**How to complete this task:** Take the entries below and print only the lines from the one with "Spectacular fireworks over" through the one with "Australian Shepherd-Unknown Mix", exactly as they stand, both ends included.

**Data provided:**
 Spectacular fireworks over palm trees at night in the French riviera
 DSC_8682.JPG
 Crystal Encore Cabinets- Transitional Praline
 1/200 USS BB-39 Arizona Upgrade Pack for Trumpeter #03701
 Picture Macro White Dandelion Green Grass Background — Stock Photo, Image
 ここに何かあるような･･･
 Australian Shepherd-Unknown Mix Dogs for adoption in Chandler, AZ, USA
...
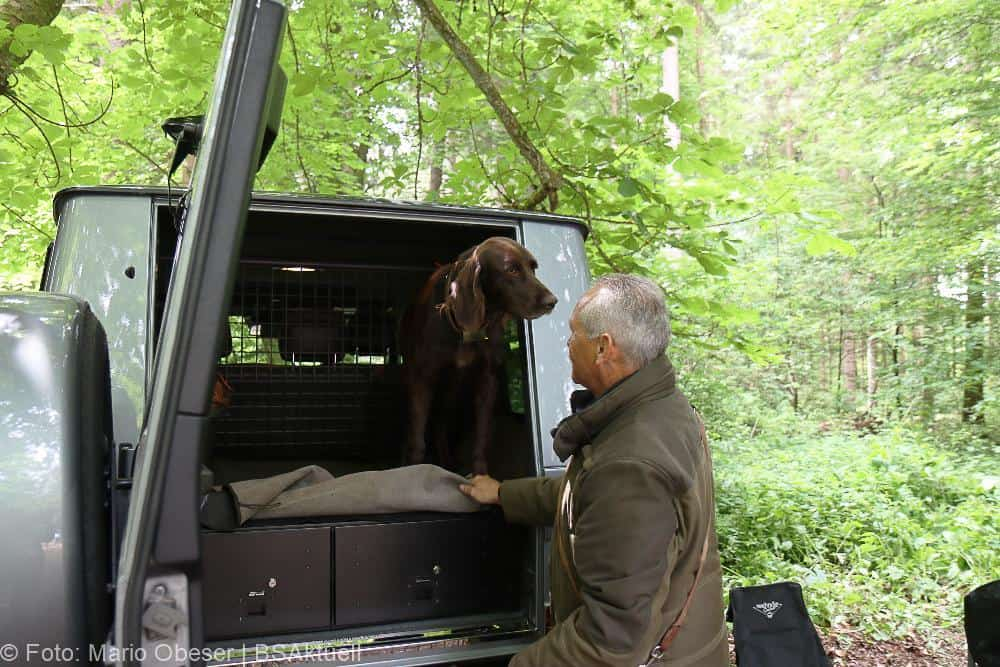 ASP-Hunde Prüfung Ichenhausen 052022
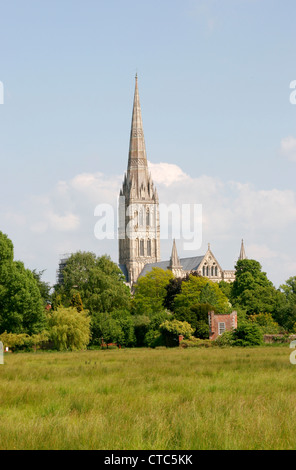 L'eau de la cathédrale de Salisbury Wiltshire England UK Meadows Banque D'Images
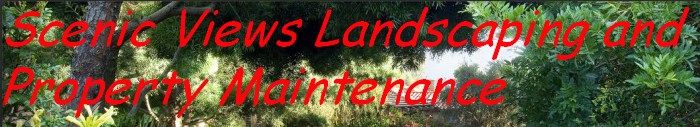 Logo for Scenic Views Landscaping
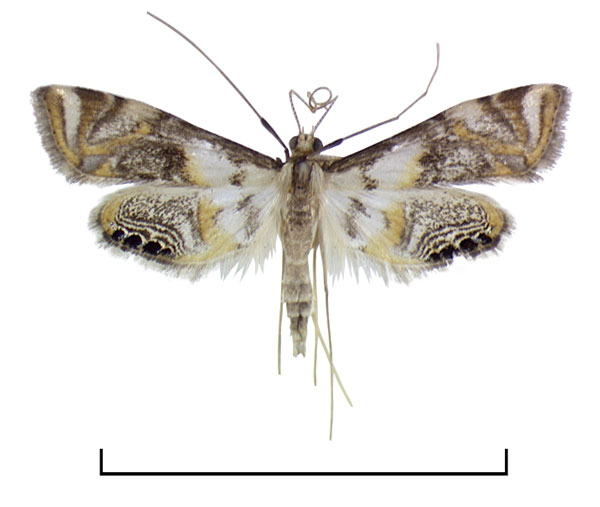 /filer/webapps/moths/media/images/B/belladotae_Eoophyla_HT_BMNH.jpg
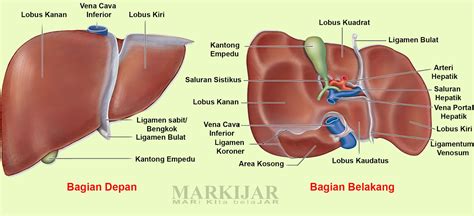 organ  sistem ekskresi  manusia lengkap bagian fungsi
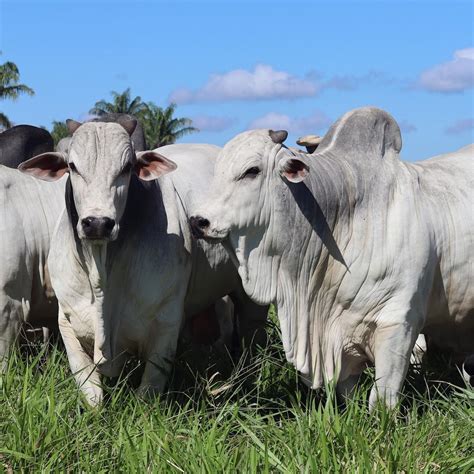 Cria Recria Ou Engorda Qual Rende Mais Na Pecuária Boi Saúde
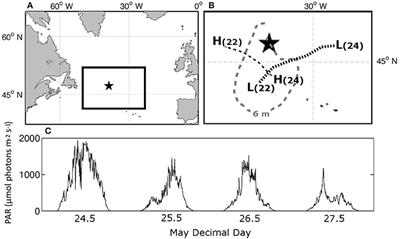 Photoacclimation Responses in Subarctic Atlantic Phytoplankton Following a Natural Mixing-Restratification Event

**The completed task:**
 Spectacular fireworks over palm trees at night in the French riviera
 DSC_8682.JPG
 Crystal Encore Cabinets- Transitional Praline
 1/200 USS BB-39 Arizona Upgrade Pack for Trumpeter #03701
 Picture Macro White Dandelion Green Grass Background — Stock Photo, Image
 ここに何かあるような･･･
 Australian Shepherd-Unknown Mix Dogs for adoption in Chandler, AZ, USA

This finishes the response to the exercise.